What you will do ▸ Below are some entries. Transcribe the lines from the one holding "The first way" to the one holding "In subtraction, subtracting", inclusive, but not the pictures among them.

Provided material ▸
......
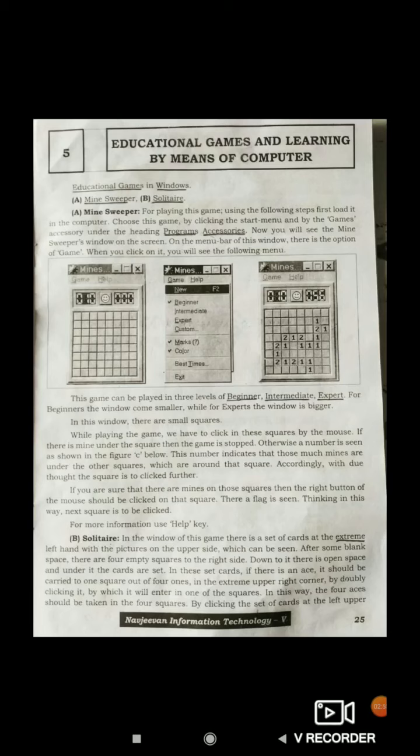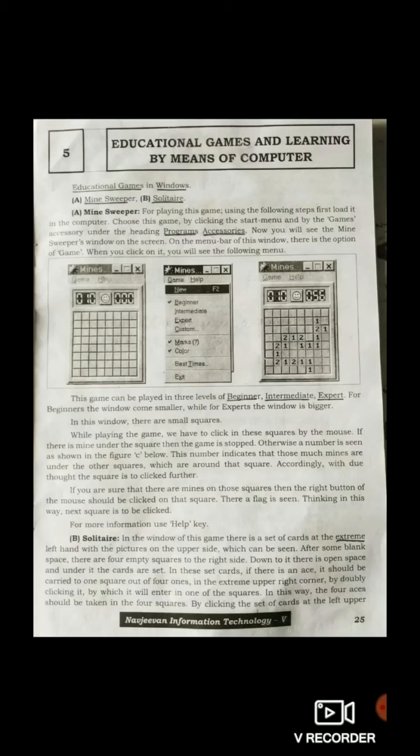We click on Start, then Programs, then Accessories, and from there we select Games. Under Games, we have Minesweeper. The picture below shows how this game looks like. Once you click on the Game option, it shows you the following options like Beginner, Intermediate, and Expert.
......
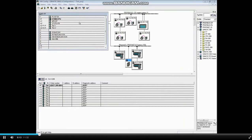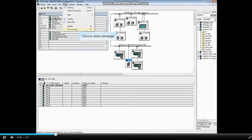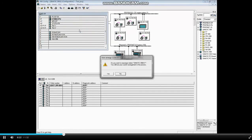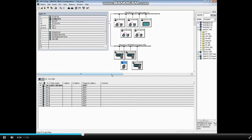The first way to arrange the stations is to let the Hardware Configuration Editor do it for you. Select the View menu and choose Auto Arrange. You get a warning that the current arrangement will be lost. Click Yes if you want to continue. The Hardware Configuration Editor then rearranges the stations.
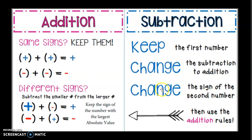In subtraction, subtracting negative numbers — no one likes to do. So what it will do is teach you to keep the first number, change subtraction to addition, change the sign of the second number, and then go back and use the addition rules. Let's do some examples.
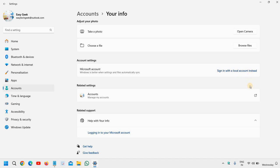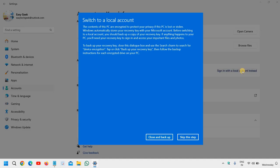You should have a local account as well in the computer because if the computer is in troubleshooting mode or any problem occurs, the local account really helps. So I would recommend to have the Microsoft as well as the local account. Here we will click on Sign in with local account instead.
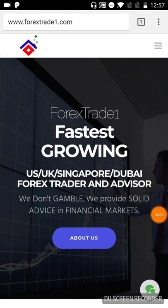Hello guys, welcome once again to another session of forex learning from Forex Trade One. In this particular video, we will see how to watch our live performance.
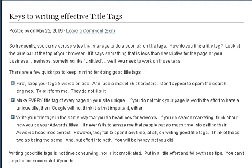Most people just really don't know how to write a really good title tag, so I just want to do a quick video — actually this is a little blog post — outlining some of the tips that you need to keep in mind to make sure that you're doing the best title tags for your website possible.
......
Your response ▸
The first way to arrange the stations is to let the Hardware Configuration Editor do it for you. Select the View menu and choose Auto Arrange. You get a warning that the current arrangement will be lost. Click Yes if you want to continue. The Hardware Configuration Editor then rearranges the stations.
In subtraction, subtracting negative numbers — no one likes to do. So what it will do is teach you to keep the first number, change subtraction to addition, change the sign of the second number, and then go back and use the addition rules. Let's do some examples.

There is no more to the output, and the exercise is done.